企業は、社員の能力や特性、スキルや経験を生かして、戦略的に役割の移行を行い、市場や競合環境の変化に適応しながらあらゆるニーズに応えていかなければなりません。社員も、チームや組織から期待される役割の変化を通じて自身のキャリアを流動的に捉え、適切にキャリアをデザインしくことが求められています。
企業戦略上、重要な方向転換のタイミングと、個人のキャリア転換への意向が強まるタイミングが合致するような「ポジション変更」「ミッション変更」などが実現できると理想です。
仮にその過程でうまくいかないキャリアチェンジがあったとしても、それは長期的なキャリア形成の中での通過点であり、キャリア転換をしたという経験そのものがその後のキャリアにも生きると考えれば、決して失敗ではありません。
社会環境が大きく変わる中で、安易に「何もしないでおくこと(変化を遠ざけること)」のリスクは高まり続けていきます。

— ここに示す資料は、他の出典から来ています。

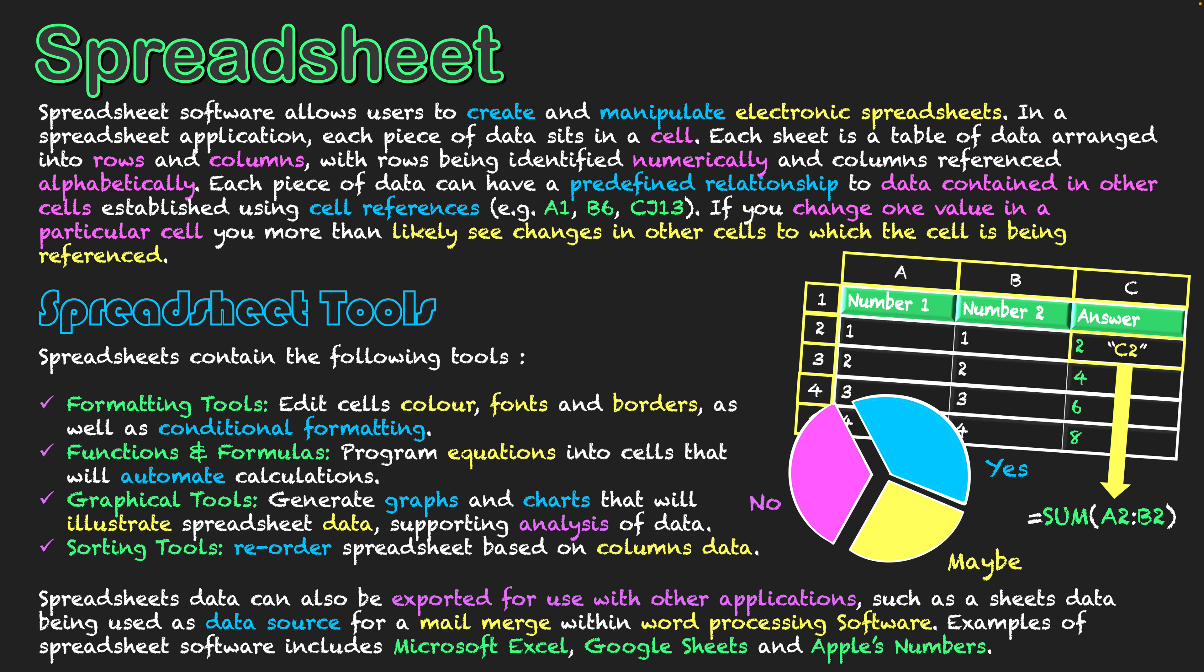Examples of spreadsheet software include Microsoft Excel, Google Sheets, and Apple's Numbers. Really, they're fantastic pieces of software when using numeric data. The fact that we can calculate numeric data, we can adjust how the sheet actually looks to make it more colorful, and the fact that we can rearrange it and create graphs and charts to visualize data helps make that numeric data much more meaningful to us as users. I hope you can see that benefit of using spreadsheet software.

キャリアに変化を持たせるための手段は様々(転職だけではなく、社内異動をはじめとした配置転換、役割変更、目標やミッション追加なども含まれます)ですが、大なり小なり新たな役割を担っていくことがキャリアの転機となり、未来の選択肢を大幅に増やすことにつながっていくことは明らかではないでしょうか。
新しい知識や経験を身に着ければ、それだけ仕事のチャンスは広がり、新しい仕事を通じた経験の蓄積が、さらにスキルアップやキャリアアップのための基盤となります。
転職にしても社内異動にしても、個人のスキルやキャリアの可能性を高める施策や社員のニーズは今後も増え続けるとともに、これからは、年齢や経験を問わず、誰でもいつでもキャリアチェンジをすること自体が、より一般化していくでしょう。
さらにDXやAIの普及、テクノロジーの発展とともに、どんどん新しい仕事は生まれ続けていきます。これまでの常識や固定概念にとらわれずに、自由、かつ大胆にキャリアチェンジに挑戦することが、一人ひとりの働きがいを高める契機となるはずです。